▶ **WHAT YOU SHOULD DO**: Reproduce word for word every line from the one containing "Hispanic-society-scarf-box" to the final line of the data below; omit the pictures.

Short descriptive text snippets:
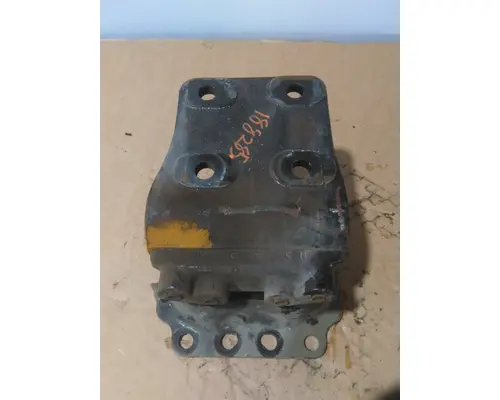 CUMMINS ISX EGR ENGINE MOUNTS, ENGINE (REAR)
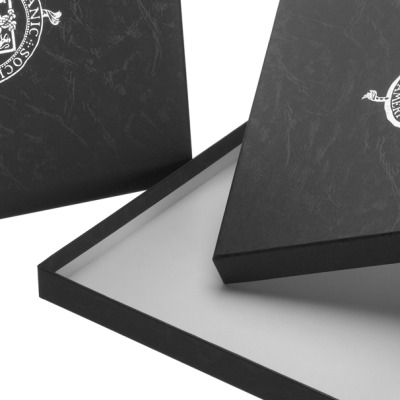 Hispanic-society-scarf-box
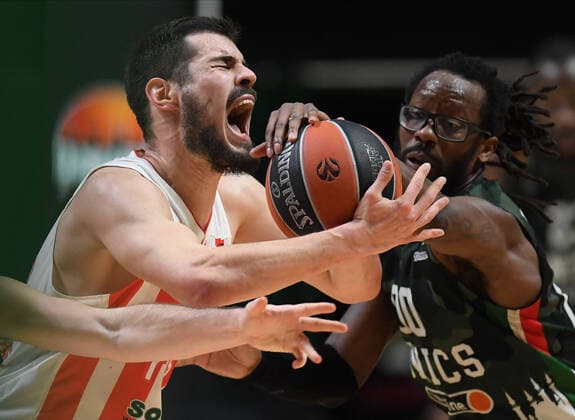 Sport Themen der Woche KW06 Sport Bilder des Tages Russia Basketball Euroleague UNICS - Crvena Zvezda 8111857 11.02.2022 UNICS John Brown, right, and Crvena Zvezda s Nikola Kalinic struggle for a ball during the Euroleague basketball match between UNICS Kazan and Crvena Zvezda Belgrade, in Kazan, Russia s Republic of Tatarstan, Russia. Maksim Bogodvid Sputnik Kazan Republic of Tatarstan Russia  Copyright: xMaksimxBogodvidx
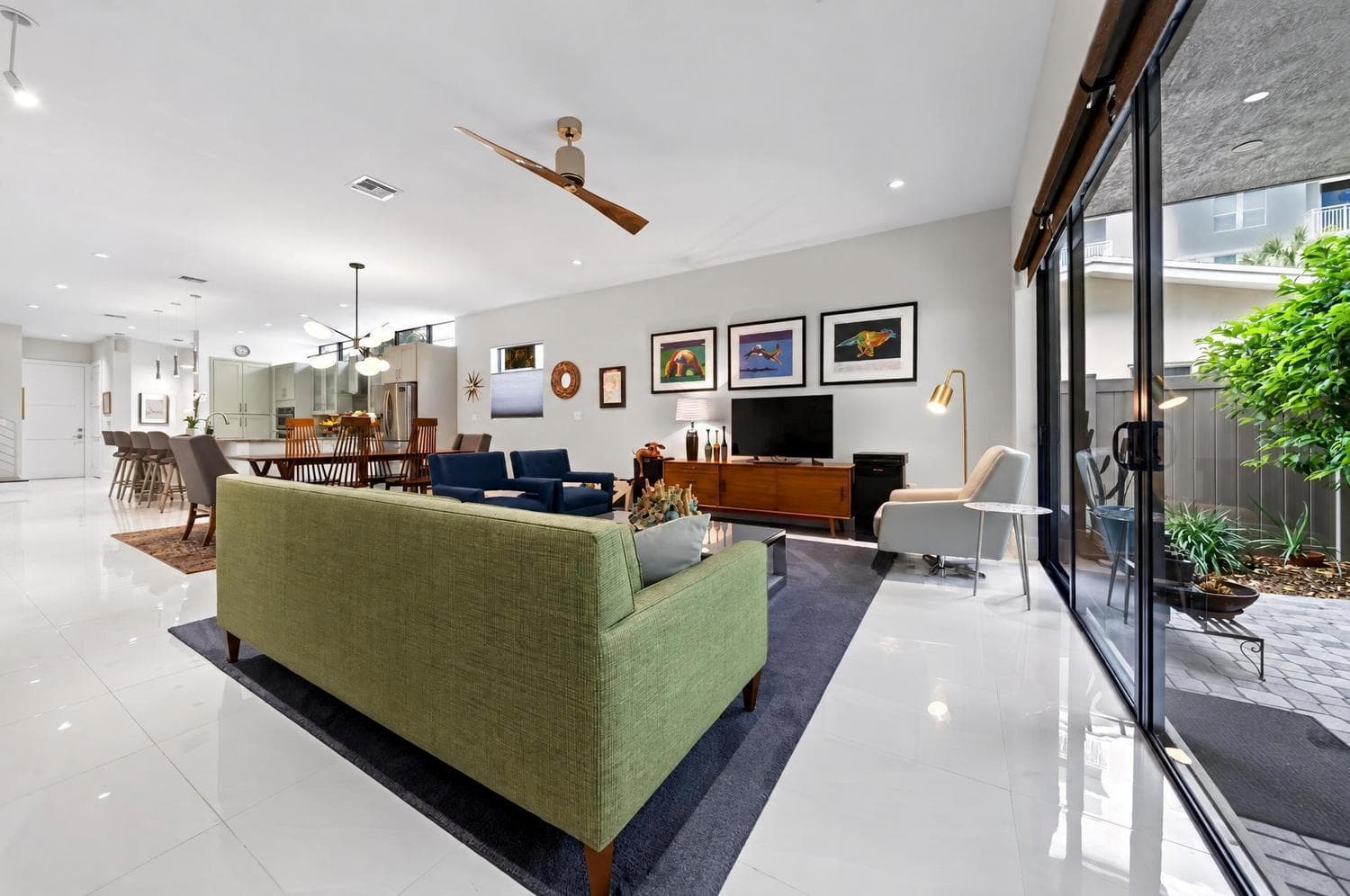 016-045-Living Room-1500x996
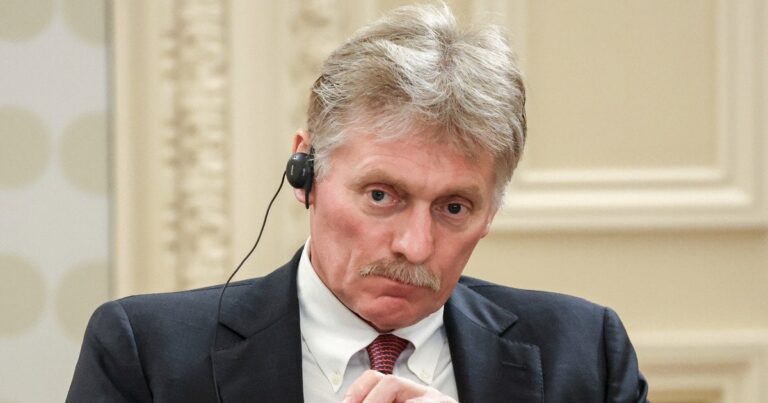 КРЕМЛІВСЬКІ ЗАПЕЛЮВАННЯ: ПЄСКОВ ЗАЯВЛЯЄ ПРО ВІДСУТНІСТЬ ЗАГРОЗИ ІСНУВАННЮ РФ НА ТЛІ УДАРІВ ДРОНІВ ПО МОСКВІ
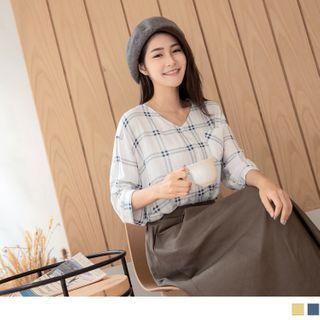 3/4 Sleeve V-neck Plaid Button-up Shirt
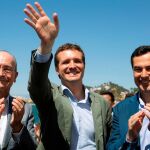 De izq. a dcha. De la Torre, Casado y Moreno, en Málaga/ Foto: EFE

▶ **TASK RESPONSE**:
 Hispanic-society-scarf-box
 Sport Themen der Woche KW06 Sport Bilder des Tages Russia Basketball Euroleague UNICS - Crvena Zvezda 8111857 11.02.2022 UNICS John Brown, right, and Crvena Zvezda s Nikola Kalinic struggle for a ball during the Euroleague basketball match between UNICS Kazan and Crvena Zvezda Belgrade, in Kazan, Russia s Republic of Tatarstan, Russia. Maksim Bogodvid Sputnik Kazan Republic of Tatarstan Russia  Copyright: xMaksimxBogodvidx
 016-045-Living Room-1500x996
 КРЕМЛІВСЬКІ ЗАПЕЛЮВАННЯ: ПЄСКОВ ЗАЯВЛЯЄ ПРО ВІДСУТНІСТЬ ЗАГРОЗИ ІСНУВАННЮ РФ НА ТЛІ УДАРІВ ДРОНІВ ПО МОСКВІ
 3/4 Sleeve V-neck Plaid Button-up Shirt
 De izq. a dcha. De la Torre, Casado y Moreno, en Málaga/ Foto: EFE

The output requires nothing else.